Despite its manifest success, the WTO is widely regarded as suffering from a deep malaise. The main
reason is that the latest WTO negotiation, the Doha Round, has staggered between failures, flops,
and false dawns since it was launched in 2001. However, barriers to trade were massively lowered
and 20 nations, including China and Russia, have joined since 2001.

The last round of GATT negotiations, the Uruguay Round, sought to generate additional momentum
for free trade through broadening its focus, both in terms of more countries joining and in terms of
additional areas that would be covered by the agreement. However, these steps toward broadening
also required altering some of the historical rules and principles that had generated momentum
toward free trade. The changes altered and may even have ended the political economy momentum
of the WTO. Second, the rules and procedures of the WTO were designed for a global economy in
which made-here-sold-there goods moved across national borders. But the rapid rising of offshoring
from high-technology nations to low-wage nations has created a new type of international
commerce. The trade rules that matter for this offshoring are less about tariffs and more about
protection of investments and intellectual property, along with legal and regulatory steps to assure
that the two-way flows of good, services, investment, and people will not be impeded.

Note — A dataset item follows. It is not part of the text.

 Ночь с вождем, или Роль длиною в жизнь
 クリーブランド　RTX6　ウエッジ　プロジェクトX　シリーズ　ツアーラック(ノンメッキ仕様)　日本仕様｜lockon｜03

The most likely outcome for the future governance of international trade is a two-pillar structure in
which the WTO continues to govern with its 1994-era rules while the new rules for international
production networks, or "global value chains", are set by a decentralized process of sometimes
overlapping and inconsistent megaregional agreements.

The historical context for the principles of GATT
It were unusual times the tariffs were high and the US was becoming the global leader.

One general and five specific principles
The general principle is that the world trade system should be rules-based, not results-based. This
overreaching constitutional principle is implemented with five specific principles:
 Nondiscrimination
This rule has two aspects: nondiscrimination at the border (most favored nation treatment"
and nondiscrimination behind the border "national treatment".
 Transparency
 Reciprocity
 Flexibility, or "safety valves"
 Consensus decision-making

A Tariff-Cutting Juggernaut
A cruder measure called the "effective tariff rate" - that is, tariff revenue divided by the value of
imports- has been collected back to the beginning of GATT. An obvious problem with the effective
tariff rate measure is that really high tariffs result in very low imports and so tent to get little weight
in the average. In addition, the effective tariff rates for individual nations can be very noisy over
periods of only a few years because they reflect both changes in tariff rates and changes in patterns
of imports. Despite these well-known problems, effective rates give a reasonable general idea of
tariff-cutting patterns under the GATT.

,Low income nations have always had higher tariffs and developed nations reduced their tariffs
steadily while poor nations only started doing so in the 1980s.

Four phases of trade liberalization under the GATT: 1950-1994
The first phase of GATT rounds, up until 1960, began with a substantial wave of tariff cutting in the
1947 inaugural Geneva round. However, the other early rounds were not focused on tariff cutting.
Tariffs were not the main trade hindrance to international trade in the 1950s. Instead, restrictions
remaining from wartime, along with state trading and inconvertible currencies, were the binding
constraints.

The second phase from 1960 up to 1972 was triggered by European regional trade liberalization. In
this phase, regionalism and multilateralism advanced hand-in-hand.

The third phase of trade liberalization started around 1973, and again multilateralism and
regionalism advanced together. The effective tariff measure can be deceiving because developed
nations had low or zero tariffs on imported oil.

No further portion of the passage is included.